But that backing from clerics has yet to translate into demonstrable public support for Velayati in Qom, where his campaign headquarters Monday was manned by only two teenagers, one of them too young to vote. And with the loyalty of voters and many clergymen split among three conservative candidates, there are few signs that clerical backing will be as decisive as in the past.
Late last month, Ayatollah Mohammad-Taghi Mesbah-Yazdi, a cleric who leads the influential hard-line Islamic Revolution Stability Front, convened a news conference to endorse the candidacy of Kamran Bagheri Lankarani, a former health minister.

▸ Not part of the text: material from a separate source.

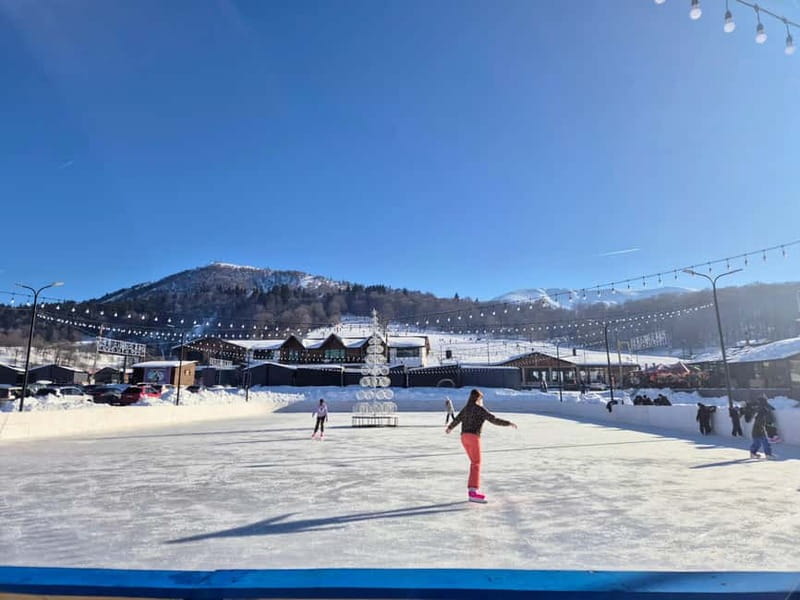 Bakuriani: Unforgetable snow activities from Kutaisi - Forest Snowmobile Tour: The Best Activity Bang For Winter Thrills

“I hereby testify that on this ground and under this sky I don’t know anyone as fit to be president as Lankarani,” Mesbah-Yazdi said. “Some of these candidates I know well and respect, but they are not suitable for the presidency.”
Several days later, however, Lankarani exited the race even before a vetting group known as the Guardian Council issued its final list of eligible candidates. There were reports that Lankarani had pulled out because other influential clerical groups had begun to line up behind a rival, Saeed Jalili, Iran’s top nuclear negotiator.
Among politicians, the clerics who continue to enjoy considerable support do so more because of their political accomplishments than their religious ones.
This is certainly true of Khatami and Rafsanjani, as well as of Hassan Rouhani, whom the two former presidents back in Friday’s election. Rouhani is the only cleric in the race, but he was Iran’s nuclear negotiator under Khatami.
Khatami, especially, enjoys a celebrity-like status in Iran, drawing large crowds wherever he goes.
“I really like Khatami, and when I think about him, his turban is not the thing that comes to mind; it’s what he accomplished in office that matters to me,” said Zahra Mokhtari, a 29-year-old graduate student.